Ponto na Curva: A postura adotada por Silval lembra outras adotadas por colaboradores, que após fecharem o acordo com o Ministério Público Estadual começaram a confessar os delitos em juízo. Isso leva a sociedade em geral a crer que ele estaria no mesmo caminho – o da delação? Seria um meio de salvação após um ano e pouco preso?

Ulisses Rabaneda: Hoje, o sentimento de que sem colaboração premiada o preso provisório não sai da prisão, é geral. Isso atinge o réu também. No caso do Silval, ele nunca nos disse ter a intenção de usar este instituto, até porque sempre foi ciente das nossas reservas. Apenas passou a ter interesse em confessar determinados fatos. Não todos, até porque ele continua a afirmar inocência em relação a vários deles, mesmo após essa nova postura. É óbvio que essa mudança é fruto de uma prisão indefinida, que passou a ter contornos de pena definitiva.

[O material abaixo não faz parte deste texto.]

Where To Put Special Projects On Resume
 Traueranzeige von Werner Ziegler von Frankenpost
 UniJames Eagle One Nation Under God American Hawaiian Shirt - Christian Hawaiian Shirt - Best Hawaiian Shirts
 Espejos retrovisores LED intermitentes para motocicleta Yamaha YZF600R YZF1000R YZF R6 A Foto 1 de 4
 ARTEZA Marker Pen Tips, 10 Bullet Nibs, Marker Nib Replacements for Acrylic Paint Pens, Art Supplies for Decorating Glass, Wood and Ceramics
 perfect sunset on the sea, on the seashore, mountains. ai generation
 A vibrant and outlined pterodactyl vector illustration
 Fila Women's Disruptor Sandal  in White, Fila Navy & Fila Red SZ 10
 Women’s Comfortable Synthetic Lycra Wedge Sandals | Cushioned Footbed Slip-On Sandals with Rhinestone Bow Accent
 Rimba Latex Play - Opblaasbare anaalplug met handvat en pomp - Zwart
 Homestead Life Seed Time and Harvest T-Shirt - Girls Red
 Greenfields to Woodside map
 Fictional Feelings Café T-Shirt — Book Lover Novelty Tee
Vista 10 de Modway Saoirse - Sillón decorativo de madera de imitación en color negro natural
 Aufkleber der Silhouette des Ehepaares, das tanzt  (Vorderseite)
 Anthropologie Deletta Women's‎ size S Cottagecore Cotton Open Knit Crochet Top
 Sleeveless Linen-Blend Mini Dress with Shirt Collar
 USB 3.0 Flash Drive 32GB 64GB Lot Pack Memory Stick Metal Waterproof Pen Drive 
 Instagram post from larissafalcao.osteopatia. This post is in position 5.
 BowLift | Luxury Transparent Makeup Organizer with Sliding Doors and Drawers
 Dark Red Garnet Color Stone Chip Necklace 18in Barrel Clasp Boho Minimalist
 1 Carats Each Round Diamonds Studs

Ponto na Curva: Qual o posicionamento do senhor sobre o instituto da colaboração? Há muitas críticas sobre a sua utilização, inclusive no tange a impunidade dos agentes colaboradores, gostaria que falasse sobre o assunto.

Ulisses Rabaneda: A colaboração é um instituto importante, um caminho sem volta, mas a lei que a disciplina não é seguida e isso me traz severa reserva. Exemplo disso é a recorrente alegação de que o colaborador não pode ter reserva mental. Isso é uma falácia! Quando se colabora, a pessoa não é obrigada a falar até o telhado que tacou pedra quando criança. O colaborador se obriga, isso sim, a falar exclusivamente a verdade sobre os fatos em apuração, ou outro que queira revelar. Não há na lei, pois, nenhum dispositivo que o obrigue a revelar todos os seus segredos. Se a lei fosse rigorosamente aplicada, extrairíamos os benefícios do instituto sem ter impunidade. Outra teratologia é a conveniente e seletiva vitimização de investigados.

Ponto na Curva: Aqui no Estado houveram vários casos de colaboradores que viraram vítima, embora tenham confessado o pagamento de propina. O senhor é especialista na área criminal, como vê essa interpretação dada pelo MPE?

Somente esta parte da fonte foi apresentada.